Escuchad el son triunfal

Hark, the Herald Angels Sing

Christmas lights in Oveido, Spain.
Christmas lights in Oveido, Asturias, Spain. Gonmi/Flickr Images

Escuchad el son triunfal de la hueste celestial:
Paz y buena voluntad; salvación Dios os dará.
Cante hoy toda nación la angelical canción;
estas nuevas todos den: Nació Cristo en Belén.

¡Salve, Príncipe de Paz! redención traído has,
luz y vida con virtud, en tus alas la salud.
De tu trono has bajado y la muerte conquistado
para dar al ser mortal nacimiento celestial.

  • escuchad: If you've studied only Latin American Spanish, you may not know this verb form well. It's the second-person plural familiar imperative (command) form of escuchar, the form that goes with vosotros. This word, then, means "you (plural) listen" or simply "listen."
  • el son: This isn't related to son the verb, but is a word meaning "sound." In everyday speech, you're far more likely to heard the word sonido.
  • la hueste: This uncommon word has the same meaning as the English cognate "host" in the context of this song. In current usage, las huestes is a bit more common as a way of saying "the army forces."
  • buena voluntad: Goodwill.
  • os dará: Os is an object pronoun meaning "you (plural)" that you'll hear mostly in Spain, very little in Latin America, although it is still commonly used in Latin America for liturgical use. So "salvación Dios os dará" means "God will give you salvation."
  • cante: Cante here is a subjunctive form of cantar, to sing. Cante hoy cada nación could be translated as "may each nation sing."
  • estas nuevas: Nuevas is one way of saying "news," so estas nuevas would be "this news." The word is plural even though it translates as singular in Spanish.
  • den: This is a plural command or plural present subjunctive form of dar, to give.
  • estas nuevas todos den: This sentence uses an inverted word order, which is fairly common in song lyrics and poetry. This sentence could be translated as "may all give the good news."
  • Belén: The Spanish name for Bethlehem. It is not uncommon for cities, especially those known centuries ago, to have different names in different languages.
  • salve: In this song, salve is an interjection of greeting, meaning something like "Hail!" in English.
  • Redención traído has: Another case of inverted word order. The typical structure would be "Has traído redención," "you have brought redemption." Note that this verse is sung to the savior rather than about the savior as in the English version of the hymn.
  • ala: An ala is a wing, as of a bird.

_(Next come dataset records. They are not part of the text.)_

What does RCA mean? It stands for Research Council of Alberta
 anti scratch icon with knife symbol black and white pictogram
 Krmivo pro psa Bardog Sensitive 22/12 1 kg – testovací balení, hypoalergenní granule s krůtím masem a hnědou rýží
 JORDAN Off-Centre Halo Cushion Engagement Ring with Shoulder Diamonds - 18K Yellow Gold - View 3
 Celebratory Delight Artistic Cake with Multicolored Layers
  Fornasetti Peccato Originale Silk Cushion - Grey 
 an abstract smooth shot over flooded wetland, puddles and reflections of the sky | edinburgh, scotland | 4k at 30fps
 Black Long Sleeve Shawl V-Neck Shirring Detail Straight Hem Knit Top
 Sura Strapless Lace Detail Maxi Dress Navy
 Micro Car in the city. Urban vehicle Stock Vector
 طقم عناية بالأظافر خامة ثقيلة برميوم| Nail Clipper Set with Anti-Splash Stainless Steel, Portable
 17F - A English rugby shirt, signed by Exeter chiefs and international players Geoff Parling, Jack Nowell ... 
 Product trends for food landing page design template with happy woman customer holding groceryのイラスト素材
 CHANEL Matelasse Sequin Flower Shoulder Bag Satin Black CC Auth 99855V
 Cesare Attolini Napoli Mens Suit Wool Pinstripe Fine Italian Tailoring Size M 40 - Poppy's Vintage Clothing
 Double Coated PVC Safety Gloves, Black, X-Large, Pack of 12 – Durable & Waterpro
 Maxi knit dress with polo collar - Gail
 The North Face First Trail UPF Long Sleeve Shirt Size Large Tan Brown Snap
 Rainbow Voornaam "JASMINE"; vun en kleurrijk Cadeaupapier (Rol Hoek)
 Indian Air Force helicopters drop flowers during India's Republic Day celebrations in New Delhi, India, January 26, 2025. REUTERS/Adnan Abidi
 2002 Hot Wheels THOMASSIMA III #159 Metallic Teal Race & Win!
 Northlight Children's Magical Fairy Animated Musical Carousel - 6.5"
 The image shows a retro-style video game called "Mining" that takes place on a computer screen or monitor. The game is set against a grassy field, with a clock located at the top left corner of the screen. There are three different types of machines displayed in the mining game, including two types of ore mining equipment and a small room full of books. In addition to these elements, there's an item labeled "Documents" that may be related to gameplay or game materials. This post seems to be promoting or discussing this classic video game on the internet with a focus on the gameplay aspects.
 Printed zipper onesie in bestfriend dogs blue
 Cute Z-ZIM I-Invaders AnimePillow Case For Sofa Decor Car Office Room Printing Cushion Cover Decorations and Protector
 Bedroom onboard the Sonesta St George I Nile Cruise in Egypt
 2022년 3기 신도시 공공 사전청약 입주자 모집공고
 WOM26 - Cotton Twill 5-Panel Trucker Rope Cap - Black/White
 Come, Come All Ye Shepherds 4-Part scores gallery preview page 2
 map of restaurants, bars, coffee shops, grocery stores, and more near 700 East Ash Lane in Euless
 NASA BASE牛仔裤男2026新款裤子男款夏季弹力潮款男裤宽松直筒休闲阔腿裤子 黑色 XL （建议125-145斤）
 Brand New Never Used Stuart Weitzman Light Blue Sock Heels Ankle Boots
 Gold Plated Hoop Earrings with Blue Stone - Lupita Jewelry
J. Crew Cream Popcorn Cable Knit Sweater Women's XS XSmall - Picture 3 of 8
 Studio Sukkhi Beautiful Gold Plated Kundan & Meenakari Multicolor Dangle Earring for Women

This is a metaphorical usage here; "en tus alas la salud" could very loosely be translated as "with healing on your wings."
  • trono: Throne.
  • has bajado: You have come down. Bajado here is an example of a past participle.
  • la muerte conquistado: Another inverted word order. In normal speech, "has conquistado la muerte" would be more common for "you have conquered death." Conquistado here is an example of a past participle.
  • ser: Here, ser is functioning as a noun meaning "being" rather than a verb meaning "to be." In Spanish, most infinitives can function as nouns.
  • nacimiento: Birth. Nacimiento is a noun form of nacer, to be born.